Since GNN has a natural advantage in preserving and modelling structural information, some researchers have started applying existing neural network models to graph structures for end-to-end graph modelling. Graph Convolutional Network (GCN) is one of the most popular neural networks. KipF et al. [16] first used GCN to do text classification tasks, outperforming the conventional CNN model. Afterward, Yao et al. [17] proposed TextGCN, which uses words and documents as nodes to create a large, coherent graph of the whole corpus. However, this model is challenged by a series of problems, such as a lot of graph-based methods failing to adequately account for local aspects of the text, like key phrases and word order information specific to each document.
In order to overcome the challenges mentioned above, a new model called Sequential GCN with Multi-Head Attention (SGCN-MHA) is proposed. After constructing a graph for each input document, GCN is used to extract the structural features, and BiLSTM is used to extract the contextual semantic relationships of the text in two directions. The Multi-Head Attention mechanism is employed to interact with the two features and assign weights to them in order to acquire the critical feature words while also maximizing the use of the two features in the classification process. Compared with other models, this approach overcomes the limitation of other models that may focus solely on one aspect (structural or sequential features) and provides a more holistic solution for document classification tasks that require considering both types of features simultaneously. Therefore, the problem of effectively leveraging both structural and sequential information in the classification process can be uniquely addressed by the SGCN-MHA model. In summary, this paper makes three important contributions:
The proposed model can learn different features from multiple aspects. It takes into account both semantic semantics from BiLSTM and structural semantics from GCN, thus enhancing the representation effect of the trained text. To avoid the separation of these two semantics in the prediction process and to look for essential terms that are more applicable to the assignment, a Multi-Head Attention mechanism is used, which can interact with the two representations to fully exploit them and give certain words varying amounts of weight for better classification results. Two popular datasets are used to test the effectiveness of SGCN-MHA. The comparative and ablation experiments are conducted to show the better performance of our model.
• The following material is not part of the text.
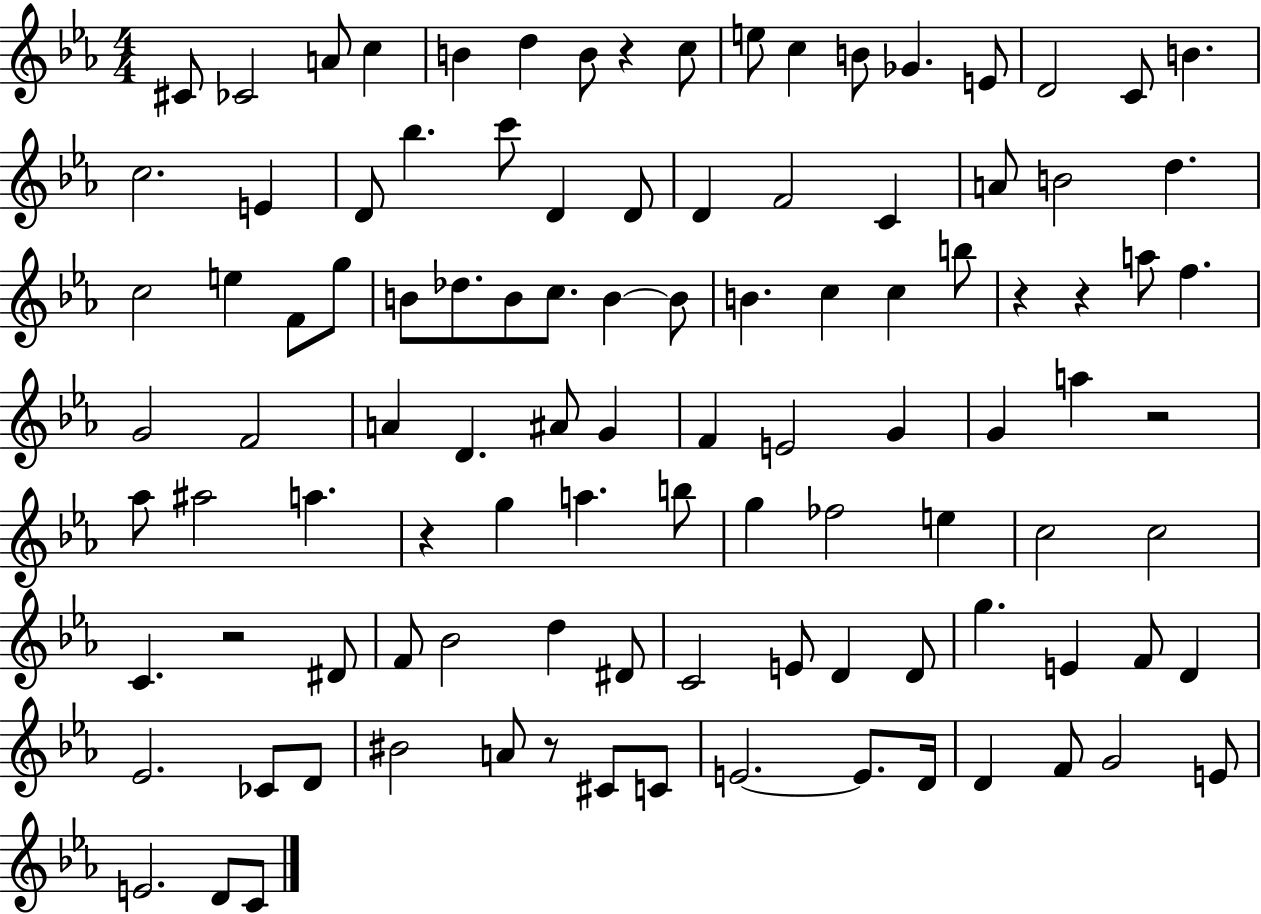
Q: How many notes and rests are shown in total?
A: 105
The rest of the paper is organized as follows. A synopsis of recent work on text classification methods is discussed in Section 2, along with the state of the art of GCN text classification research. The proposed text classification model SGCN-MHA is further explained in Section 3. The experiment’s datasets, assessment metrics, and outcomes are described in Section 4. The experimental results are then presented and discussed. In the end, Section 5 presents the conclusions of this paper.
Related work
Text classification
Text classification is an essential area of Natural Language Processing (NLP) [18] and is widely used in recommendation systems, question-and-answer systems, sentiment analysis, and other regions. The process of classifying texts into one or more groups based on predetermined labels and the characteristics of the texts is known as text classification. Depending on how many labels are provided, a single or multi-label text classification might be used to describe the text classification task. Single-label text classification classifies each text data into a single-label category. Multi-label text classification, as opposed to single-label text classification, separates each text’s data into several label categories that are more useful in practical contexts and correlate to objective objects’ characteristics and norms.
Text classification technology has evolved from manual annotation to machine learning algorithms and then to deep learning techniques. Traditional methods, such as plain Bayesian [19], K-Nearest Neighbor (KNN) [12], and Support Vector Machines (SVM) [20], have been studied using feature engineering to represent text, like Bag-of-words (BOW) [11], N-Gram [21], and Topic Model [22]. For researchers, it is necessary to obtain manually specified features and use machine learning algorithms to train and predict. The classic machine learning algorithms can no longer meet the performance requirements of algorithms used in actual applications due to the number of computer resources and the vast amount of data involved.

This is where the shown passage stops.